# Rock Creek/Cooper's Creek



## MainFrame9 (Apr 10, 2012)

I've been trying to find some info on the web about camping at these two spots, no luck. I'm just wondering if you have to make reservations, or can I just show up, and set up camp? Thanks in advance.


----------



## allenww (Apr 11, 2012)

Coopers is much bigger and busier than Rock Creek, which is above the hatchery (but below the lake) and has maybe ten or twelve spots and a bivy. 

RC is also right on the road, if that matters.  (in the summertime, when there has been no rain, it does make a difference).

Don't forget  _______.  (I can't remember).  But it is a small campground right on the river just east of the hatchery road.

All of these, when I was last there, were first come, first served. 

wa


----------



## bassboy1 (Apr 11, 2012)

> Don't forget _______. (I can't remember). But it is a small campground right on the river just east of the hatchery road.

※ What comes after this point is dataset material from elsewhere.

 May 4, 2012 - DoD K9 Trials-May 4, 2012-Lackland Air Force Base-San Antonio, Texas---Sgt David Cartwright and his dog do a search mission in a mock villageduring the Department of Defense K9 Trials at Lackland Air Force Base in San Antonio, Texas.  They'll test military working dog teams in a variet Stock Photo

Deep Hole is the name of that one.  

As far as up the road on Rock Creek, past the hatchery, there is the Frank Gross Campground, which is a very nice carcamping setup much like they have at Deep Hole, Winfield Scott, et al, and a handful of more primitive areas, which are just pulloffs from the road (though still right next to the road, and dusty during a dry spell) with flat ground enough for a tent or two.


----------



## Danny Leigh (Apr 12, 2012)

Also, those on RC, Coopers, and Deep Hole do not take reservations. Fridays and Saturdays are crowded with usually many leaving on Sundays.


----------



## General P (Jun 20, 2012)

There are some camping some good if you want to walk a little on the north end of rock creek. Just look for the bridge on the left going north.


----------



## General P (Jun 20, 2012)

And the last time I was there it was just show up and camp.


----------



## riprap (Jun 20, 2012)

Coopers creek campground is just a mile from here and they have water and a bathroom. Mulky has no water.

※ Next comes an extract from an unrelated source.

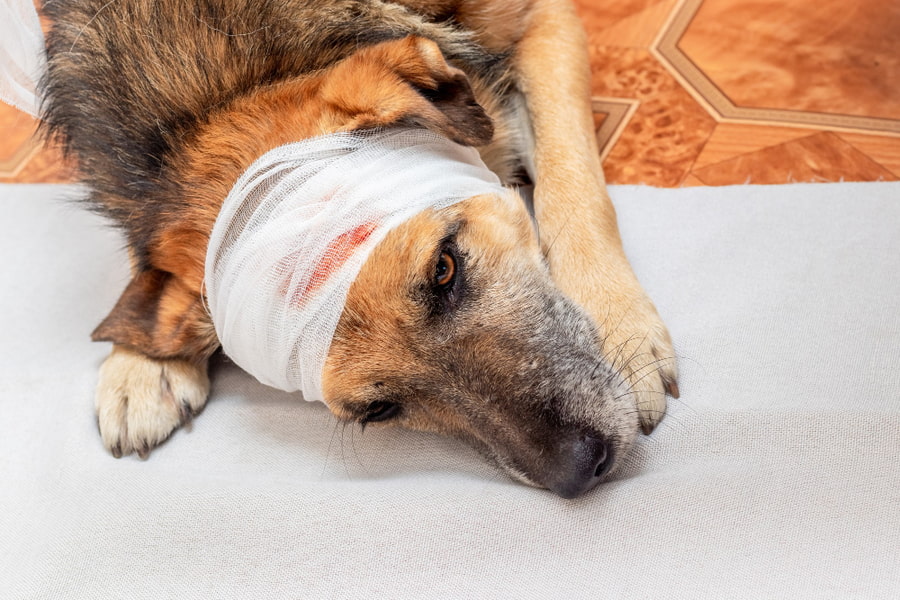 Perro herido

http://www.fs.usda.gov/wps/portal/f...ee-Oconee+National+Forests+-+Mulky+Campground


----------



## Meriwether Mike (Jun 20, 2012)

Mulky Campground now has a well for water containers and no-flush bathrooms.


----------



## westcobbdog (Jun 24, 2012)

up the road above the Rock creek Hatchery and above the lake at Rock Creek, maybe 30 minutes crawling along the winding forest service road is I think Noontootla or Nimblewill. Very small water but very pretty and secluded. Get a map of the Chattahoochee NF and study it..it can lead you to some great spots that aren't too crowded if you are willing to put in a little extra driving or walking.


----------